Text
Asas Retroaktif Putusan Mahkamah Konstitusi dalam Teori dan Praktik
Selama ini masyarakat hanya mengetahui jika putusan pengujian undang-undang di MK sifatnya prospektif (ke depan). Padahal diantara seribuan perkara yang sudah diputus MK, terdapat juga putusan yang memiliki sifat retroaktif (ke belakang/surut). Putusan yang bersifat retroaktif ini jumlahnya sangat sedikit karena untuk menghasilkan putusan ini, hakim konstitusi harus bermunajat dan mempertimbangkannya dengan sangat cermat dan penuh kehati-hatian. Hakim harus menimbang bobot keadilan dan kepastian agar seimbang. Sebab, akibat hukum putusannya tidak hanya mengikat Pemohon dan Addressat putusan saja, melainkan juga mengikat seluruh warga negara. Ditambah lagi, putusan retroaktif ini secara teoritis berpotensi menciptakan disharmoniasasi terhadap peraturan perundang-undangan.
Meskipun secara teoritis dan yuridis putusan retroaktif sebenarnya dilarang, namun bukan berarti MK tidak boleh mempraktikannya. Setiap teori pasti ada pengecualiaannya dan setiap pengecualian sudah pasti ada teori yang dasarnya. Demikian juga dengan larangan retroaktif ini yang di dalamnya ada pengecualian-pengecualian yakni karena alasan perlindungan HAM, alasan keadilan substantif, dan alasan diskresi dari hakim. Selain itu, Hakim juga harus memperhitungkan dan menggali pertanyaan pada hati nuraninya apakah dengan penerapan secara kaku larangan retroaktif justru akan menimbulkan ketidakadilan, merongrong nilai-nilai agama, keamanan dan ketertiban umum?
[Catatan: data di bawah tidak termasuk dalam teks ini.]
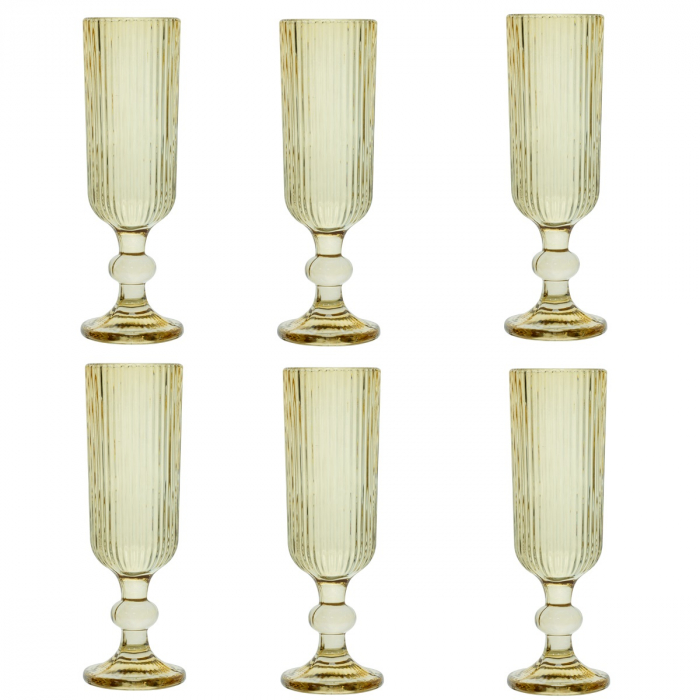 RAKI BLOOM YELLOW Set 6 pahare sampanie, 150ml, D6xh18,5cm, sticla, galben/transparent [1]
Menariknya, MK Indonesia bukanlah satu-satunya yang pernah mengeluarkan putusan pengujian undang-undang yang bersifat retroaktif. MK Federal Jerman dan MA Amerika Serikat sebagai salah satu ‘sesepuhnya’ MK dunia karena kerap menjadi rujukan, pernah juga mengeluarkan putusan yang bersifat retroaktif. Demikian juga dengan MK Portugal, MK Spanyol, MK Italia, MA Federal Brazil, hingga MK Afrika Selatan meskipun diberlakukan untuk kasus yang sangat terbatas.